Upcoming Event: SIAM Speaker Series
Dr. Nicholas Nelsen, Klarman Fellow, Cornell University Incoming Assistant Professor, UT Austin
12 – 1PM
Tuesday Sep 30, 2025
POB 6.304
Operator learning involves data-driven models that accept continuum forms of data as inputs or outputs. Such models are robust to refinement of numerical discretizations and are thus well-suited for solving problems in computational science and engineering. This talk reviews the operator learning framework and emphasizes the interplay between theoretical insights and algorithm development. The talk showcases recent efforts to bring operator learning ideas to the field of inverse problems. The presentation emphasizes probabilistic methods, such as transport maps or Bayesian inversion, that regularize the fundamental instability of such ill-posed problems. The talk will also highlight recent progress on operator learning in the space of probability measures, with applications in medical imaging and data assimilation.

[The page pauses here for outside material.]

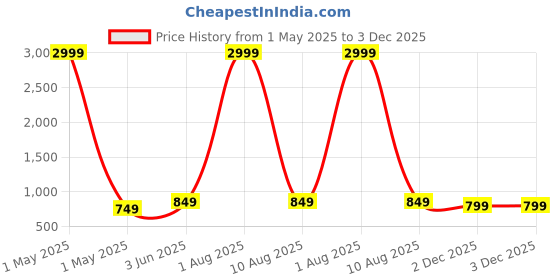 myntra.com KAMDAR Woven Design Zari Assamese Mekhela Chador Saree with Copper Work kamdar Price History Graph from 1 May 2025 to 3 Dec 2025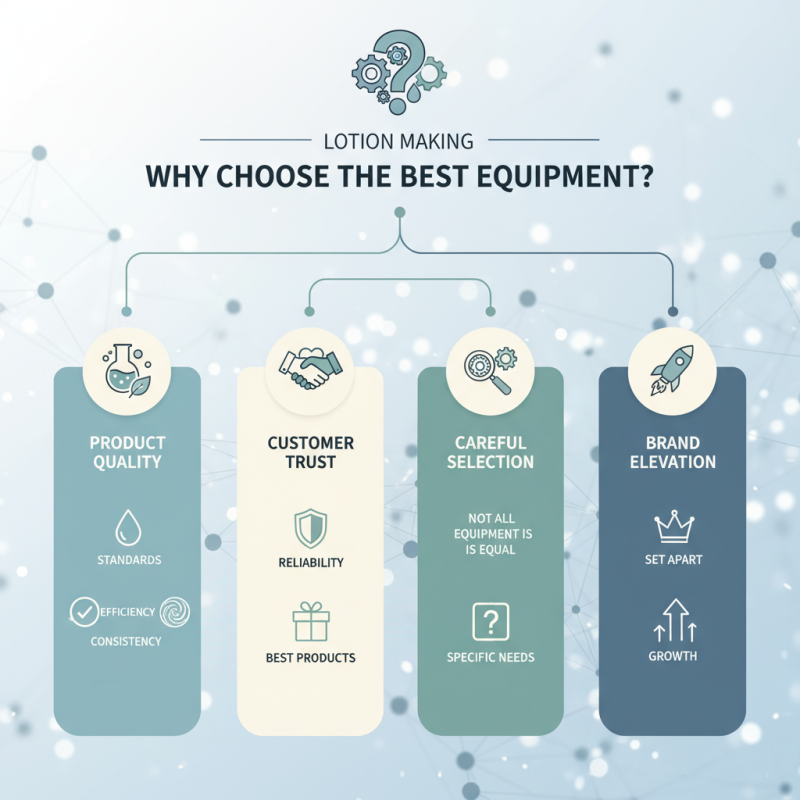 Why Choose the Best Lotion Making Equipment for Your Business?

Nick Nelsen is a Klarman Fellow in the Department of Mathematics at Cornell University and an incoming tenure-track assistant professor at The University of Texas at Austin starting Fall 2026. He works in the research areas of computational mathematics and scientific machine learning. Nelsen’s research develops artificial intelligence methods for high- and infinite-dimensional problems, establishes mathematical guarantees on the reliability and trustworthiness of these methods, and applies the methods in the physical, engineering, and data sciences. He received the SIAM Review SIGEST award in 2024 from the Society for Industrial and Applied Mathematics (SIAM) and a College of Arts & Sciences Distinguished Alumni and Rising Star award from Oklahoma State University (OSU) in 2025. His research is funded by the AMS, Simons Foundation, U.S. National Science Foundation (NSF), and SIAM. Previously, he was an NSF Mathematical Sciences Postdoctoral Research Fellow at MIT. Nelsen received his Ph.D. from Caltech in 2024, where he was supported by the Amazon AI4Science Fellows Program and an NSF Graduate Research Fellowship. His doctoral dissertation on the “statistical foundations of operator learning” was awarded the W. P. Carey & Co. Best Thesis Prize in Applied Mathematics and the Centennial Prize for the Best Thesis in MCE. He obtained his M.Sc. from Caltech in 2020 and his B.Sc., B.S.M.E., and B.S.A.E. degrees from OSU in 2018.